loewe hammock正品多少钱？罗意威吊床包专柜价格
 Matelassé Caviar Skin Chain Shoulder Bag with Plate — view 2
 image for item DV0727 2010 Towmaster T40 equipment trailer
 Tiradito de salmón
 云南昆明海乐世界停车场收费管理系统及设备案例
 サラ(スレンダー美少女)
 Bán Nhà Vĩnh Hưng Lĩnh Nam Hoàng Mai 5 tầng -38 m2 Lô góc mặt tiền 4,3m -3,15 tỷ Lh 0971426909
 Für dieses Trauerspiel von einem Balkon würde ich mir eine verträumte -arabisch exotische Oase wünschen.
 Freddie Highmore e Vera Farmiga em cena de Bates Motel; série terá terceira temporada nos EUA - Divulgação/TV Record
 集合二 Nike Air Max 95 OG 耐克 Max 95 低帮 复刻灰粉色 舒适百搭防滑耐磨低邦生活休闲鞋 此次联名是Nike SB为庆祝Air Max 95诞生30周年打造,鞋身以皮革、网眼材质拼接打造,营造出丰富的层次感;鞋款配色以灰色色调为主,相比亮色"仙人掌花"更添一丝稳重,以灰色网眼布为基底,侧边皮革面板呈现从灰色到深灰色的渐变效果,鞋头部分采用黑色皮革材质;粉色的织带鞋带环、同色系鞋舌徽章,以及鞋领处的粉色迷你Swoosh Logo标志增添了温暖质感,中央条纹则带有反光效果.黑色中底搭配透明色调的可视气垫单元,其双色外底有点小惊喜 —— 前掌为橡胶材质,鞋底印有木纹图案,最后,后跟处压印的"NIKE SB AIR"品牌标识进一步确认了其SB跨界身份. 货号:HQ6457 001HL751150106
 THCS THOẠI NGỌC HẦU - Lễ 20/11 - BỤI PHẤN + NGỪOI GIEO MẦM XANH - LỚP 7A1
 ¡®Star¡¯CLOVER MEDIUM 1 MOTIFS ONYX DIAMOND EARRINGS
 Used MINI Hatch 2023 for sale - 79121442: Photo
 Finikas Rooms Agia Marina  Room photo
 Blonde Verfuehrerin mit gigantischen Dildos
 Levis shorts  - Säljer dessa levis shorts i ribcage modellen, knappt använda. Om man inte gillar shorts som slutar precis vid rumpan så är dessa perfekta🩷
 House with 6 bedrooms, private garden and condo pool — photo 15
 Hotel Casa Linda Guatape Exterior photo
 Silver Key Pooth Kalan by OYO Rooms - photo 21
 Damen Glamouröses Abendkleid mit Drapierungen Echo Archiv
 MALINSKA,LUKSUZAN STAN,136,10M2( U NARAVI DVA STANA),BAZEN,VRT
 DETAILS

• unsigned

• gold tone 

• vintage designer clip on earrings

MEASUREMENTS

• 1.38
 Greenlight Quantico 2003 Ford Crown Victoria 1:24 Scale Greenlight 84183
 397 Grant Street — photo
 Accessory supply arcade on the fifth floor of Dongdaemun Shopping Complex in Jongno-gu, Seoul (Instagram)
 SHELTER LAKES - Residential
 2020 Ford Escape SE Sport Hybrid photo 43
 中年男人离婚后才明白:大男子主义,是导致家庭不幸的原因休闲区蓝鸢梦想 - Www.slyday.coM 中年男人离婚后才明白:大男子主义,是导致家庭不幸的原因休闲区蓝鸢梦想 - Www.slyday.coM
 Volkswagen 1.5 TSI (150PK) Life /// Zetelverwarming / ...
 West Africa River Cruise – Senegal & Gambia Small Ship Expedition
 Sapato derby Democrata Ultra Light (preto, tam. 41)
::::::::::
:: WORK TASK ::
Repeat the listing above without any change.

:: RESULT ::
loewe hammock正品多少钱？罗意威吊床包专柜价格
 Matelassé Caviar Skin Chain Shoulder Bag with Plate — view 2
 image for item DV0727 2010 Towmaster T40 equipment trailer
 Tiradito de salmón
 云南昆明海乐世界停车场收费管理系统及设备案例
 サラ(スレンダー美少女)
 Bán Nhà Vĩnh Hưng Lĩnh Nam Hoàng Mai 5 tầng -38 m2 Lô góc mặt tiền 4,3m -3,15 tỷ Lh 0971426909
 Für dieses Trauerspiel von einem Balkon würde ich mir eine verträumte -arabisch exotische Oase wünschen.
 Freddie Highmore e Vera Farmiga em cena de Bates Motel; série terá terceira temporada nos EUA - Divulgação/TV Record
 集合二 Nike Air Max 95 OG 耐克 Max 95 低帮 复刻灰粉色 舒适百搭防滑耐磨低邦生活休闲鞋 此次联名是Nike SB为庆祝Air Max 95诞生30周年打造,鞋身以皮革、网眼材质拼接打造,营造出丰富的层次感;鞋款配色以灰色色调为主,相比亮色"仙人掌花"更添一丝稳重,以灰色网眼布为基底,侧边皮革面板呈现从灰色到深灰色的渐变效果,鞋头部分采用黑色皮革材质;粉色的织带鞋带环、同色系鞋舌徽章,以及鞋领处的粉色迷你Swoosh Logo标志增添了温暖质感,中央条纹则带有反光效果.黑色中底搭配透明色调的可视气垫单元,其双色外底有点小惊喜 —— 前掌为橡胶材质,鞋底印有木纹图案,最后,后跟处压印的"NIKE SB AIR"品牌标识进一步确认了其SB跨界身份. 货号:HQ6457 001HL751150106
 THCS THOẠI NGỌC HẦU - Lễ 20/11 - BỤI PHẤN + NGỪOI GIEO MẦM XANH - LỚP 7A1
 ¡®Star¡¯CLOVER MEDIUM 1 MOTIFS ONYX DIAMOND EARRINGS
 Used MINI Hatch 2023 for sale - 79121442: Photo
 Finikas Rooms Agia Marina  Room photo
 Blonde Verfuehrerin mit gigantischen Dildos
 Levis shorts  - Säljer dessa levis shorts i ribcage modellen, knappt använda. Om man inte gillar shorts som slutar precis vid rumpan så är dessa perfekta🩷
 House with 6 bedrooms, private garden and condo pool — photo 15
 Hotel Casa Linda Guatape Exterior photo
 Silver Key Pooth Kalan by OYO Rooms - photo 21
 Damen Glamouröses Abendkleid mit Drapierungen Echo Archiv
 MALINSKA,LUKSUZAN STAN,136,10M2( U NARAVI DVA STANA),BAZEN,VRT
 DETAILS

• unsigned

• gold tone 

• vintage designer clip on earrings

MEASUREMENTS

• 1.38
 Greenlight Quantico 2003 Ford Crown Victoria 1:24 Scale Greenlight 84183
 397 Grant Street — photo
 Accessory supply arcade on the fifth floor of Dongdaemun Shopping Complex in Jongno-gu, Seoul (Instagram)
 SHELTER LAKES - Residential
 2020 Ford Escape SE Sport Hybrid photo 43
 中年男人离婚后才明白:大男子主义,是导致家庭不幸的原因休闲区蓝鸢梦想 - Www.slyday.coM 中年男人离婚后才明白:大男子主义,是导致家庭不幸的原因休闲区蓝鸢梦想 - Www.slyday.coM
 Volkswagen 1.5 TSI (150PK) Life /// Zetelverwarming / ...
 West Africa River Cruise – Senegal & Gambia Small Ship Expedition
 Sapato derby Democrata Ultra Light (preto, tam. 41)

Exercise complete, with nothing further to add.